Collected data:
········
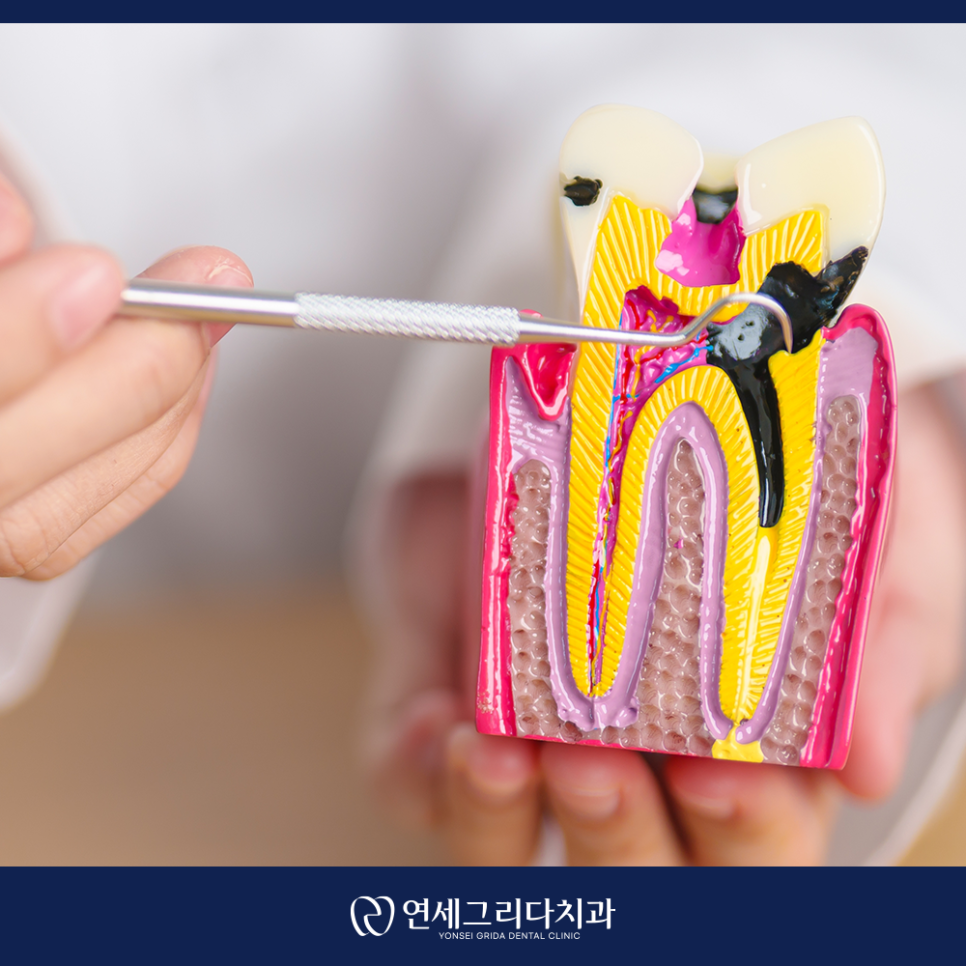 충치치료 통증, 무서워서 미루고 계셨나요? 관련 이미지 2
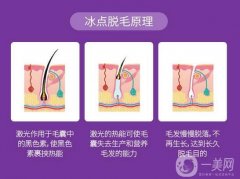 脫毛全攻略，拒絕毛手毛腳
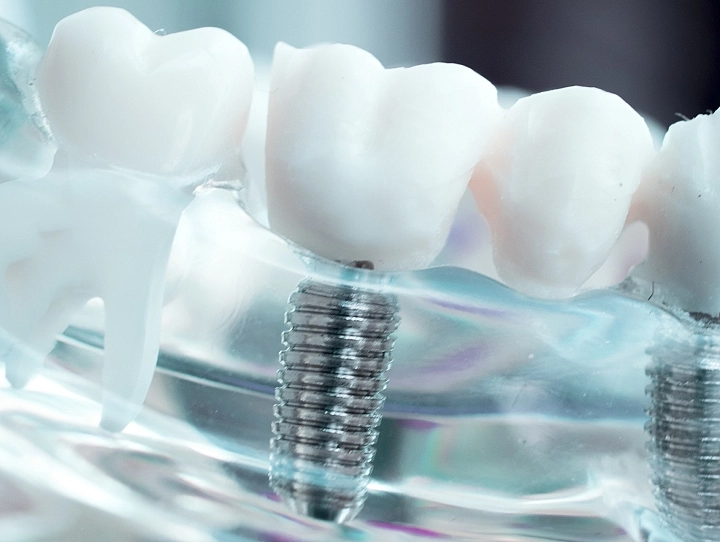 Periodoncia profesional en Zamora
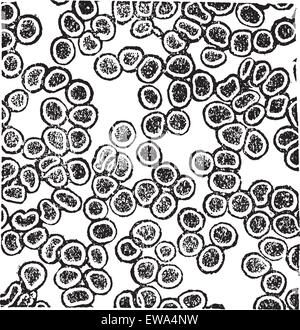 Rote Blutkörperchen oder Erythrozyten, Vintage Gravur. Alten gravierte Darstellung der roten Blutkörperchen. Stock Vektor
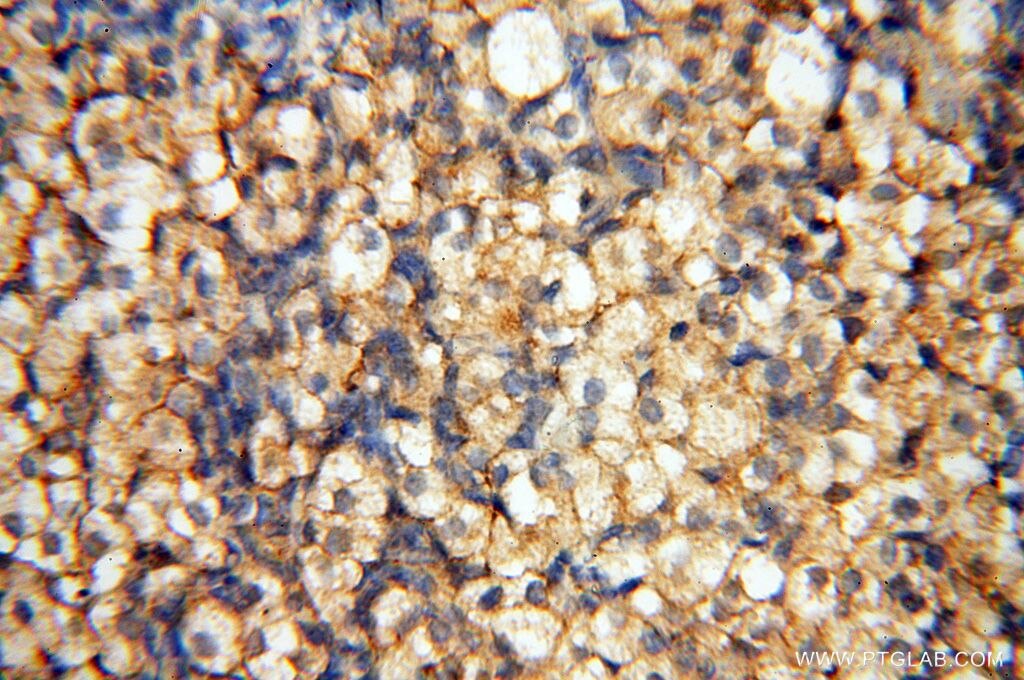 Immunohistochemistry (IHC) staining of human ovary tissue using FBXL8 Polyclonal antibody (16505-1-AP)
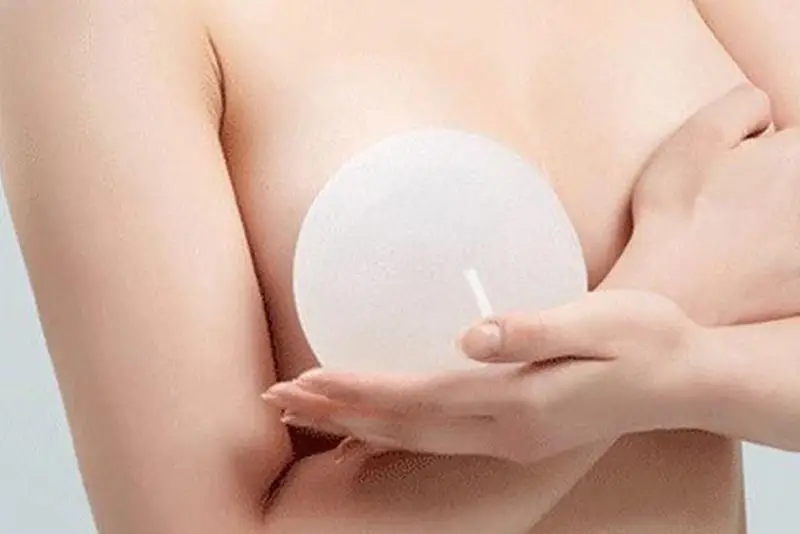 Bề mặt túi ngực nano chip có tới 8000 tiếp điểm/cm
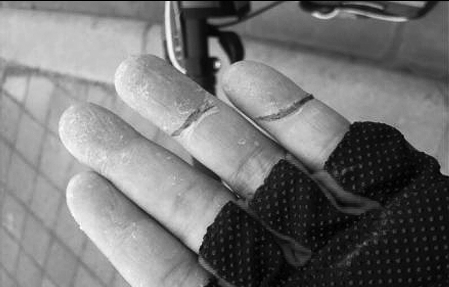 市民遭风筝线拦路“暗算” 网友：莫随意丢弃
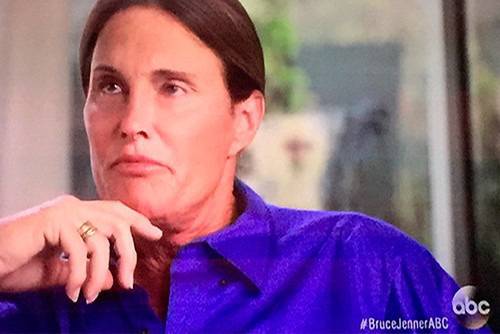 Трансджендър-защо има такива хора?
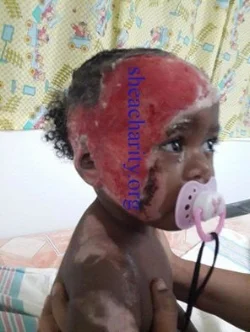 Ranie at age 16 months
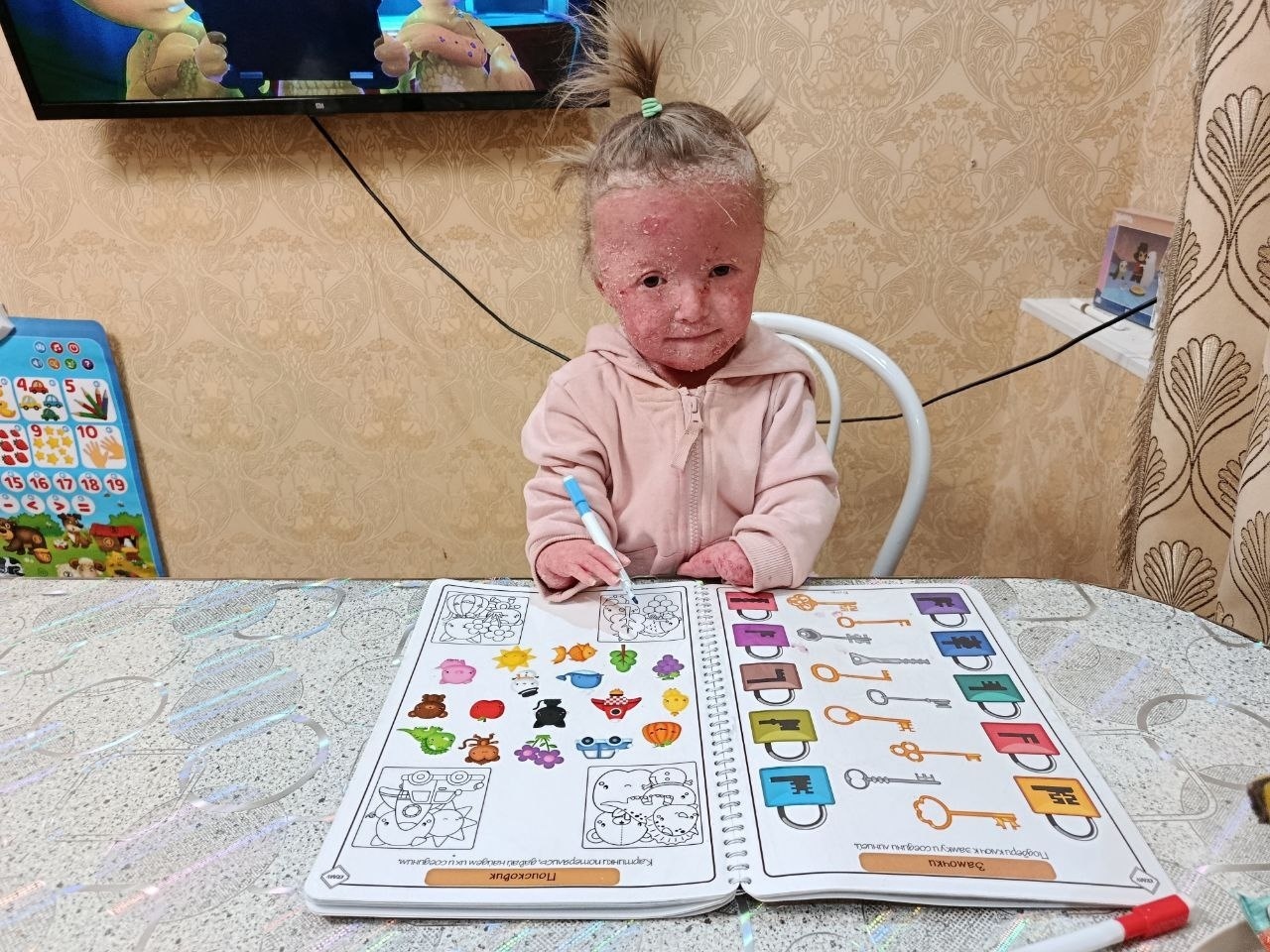 Ульяне с редким заболеванием необходимы средства для кожи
········
* _Work to complete_: Could the entries above be copied out exactly, with no pictures included?

* _Output below_:
 충치치료 통증, 무서워서 미루고 계셨나요? 관련 이미지 2
 脫毛全攻略，拒絕毛手毛腳
 Periodoncia profesional en Zamora
 Rote Blutkörperchen oder Erythrozyten, Vintage Gravur. Alten gravierte Darstellung der roten Blutkörperchen. Stock Vektor
 Immunohistochemistry (IHC) staining of human ovary tissue using FBXL8 Polyclonal antibody (16505-1-AP)
 Bề mặt túi ngực nano chip có tới 8000 tiếp điểm/cm
 市民遭风筝线拦路“暗算” 网友：莫随意丢弃
 Трансджендър-защо има такива хора?
 Ranie at age 16 months
 Ульяне с редким заболеванием необходимы средства для кожи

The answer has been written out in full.